Though, lying on a bed in the halfway rebuilt Stark Tower in New York (Avengers Tower, the news had started rebranding it, and Pepper was inclined to let that name stick; it was different, at least) and being alone with fear wasn’t precisely the best way to sleep, even if she _had_ spent the last day primarily surrounded by terror and adrenaline and fire. When she’d sent Tony off to his bed with a kiss, she’d thought that she’d fall into bed and fall asleep. As it was... Pepper sighed and flipped over again, wrapping the smooth blankets yet closer around her body. The room was standard: neutrally-colored walls; simple, square corners; bed carefully placed opposite the door; ‘window’ that was really a viewscreen hooked into JARVIS’ network; bedside table with a variety of plugs and a blinking clock display that she’d turned off what she suspected was hours ago; the list went on. It was exactly the same as every other guest room in the Tower. She’d slept in them many times before; what made _this_ so different?

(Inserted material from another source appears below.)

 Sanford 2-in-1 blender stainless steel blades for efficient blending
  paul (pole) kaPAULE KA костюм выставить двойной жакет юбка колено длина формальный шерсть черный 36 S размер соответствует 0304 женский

“ _Fuck_.” She bit into the blanket wrapped around her, huddling even further into its depths. It wasn’t solid enough for its warmth, didn’t have the ability to comfort her that the thick old quilts she’d grown up with did. She could call JARVIS, ask for something, but that felt entirely too much like giving up, and she couldn’t bring herself to do that. So instead she tried to relax, breathing as steadily as she could and paying close attention to every muscle in her body. She’d done yoga; she knew how this was supposed to work. Not that she had any faith that it would, right now. Not when everything about her was trembling, on fire in a way she couldn’t quite call adrenaline, but wasn’t as purely overwhelming as Extremis had been when she—

Pepper breathed.

Focus on breath, the rise and fall of her chest. Her fingers tangled in the sheets. Yes. Unlock those, pry them free. Legs don’t need to be drawn up to the chest, do they? Loosen those muscles, let them slide back, just a few inches, just enough to pretend that she can breathe, she can move. Force those shoulders down; feeling protected wouldn’t do her any good if she couldn’t move her neck without strain. Pull her head up a fraction of an inch, release some of that tension. Wrap the blankets tighter, as if cloth and a wall made of steel, plastic, and more electronics than she wants to think about could protect her from memory.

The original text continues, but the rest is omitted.